DATA SUPPLIED:
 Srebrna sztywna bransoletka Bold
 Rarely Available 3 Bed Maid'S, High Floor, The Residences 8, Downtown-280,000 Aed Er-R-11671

* * *

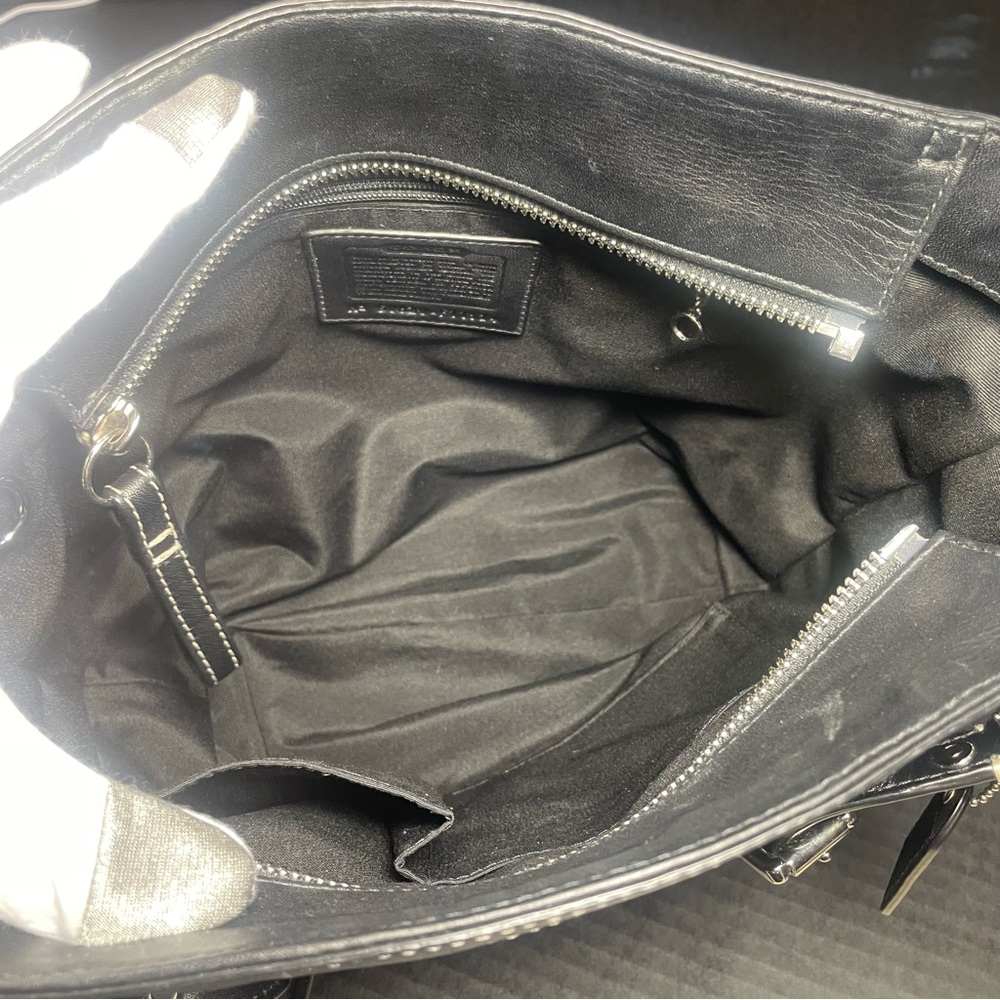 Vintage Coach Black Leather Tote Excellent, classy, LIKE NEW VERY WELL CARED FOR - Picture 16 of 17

...

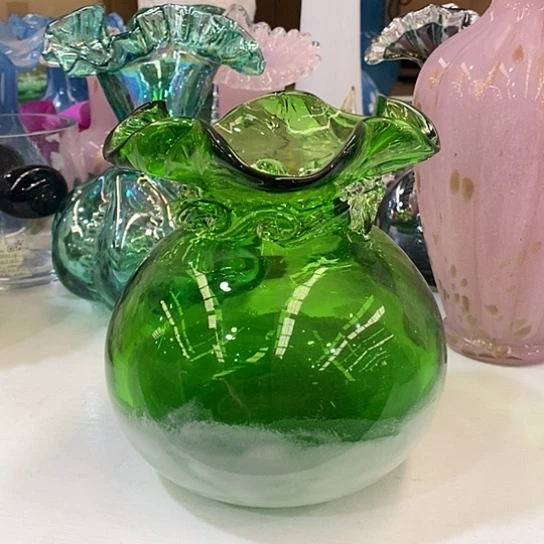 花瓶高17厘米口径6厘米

ASSIGNMENT:
Repeat the entries above verbatim, but only from the line that has "Srebrna sztywna bransoletka Bold" down to the line that has "Rarely Available 3", inclusive.

PROBLEM SOLUTION:
 Srebrna sztywna bransoletka Bold
 Rarely Available 3 Bed Maid'S, High Floor, The Residences 8, Downtown-280,000 Aed Er-R-11671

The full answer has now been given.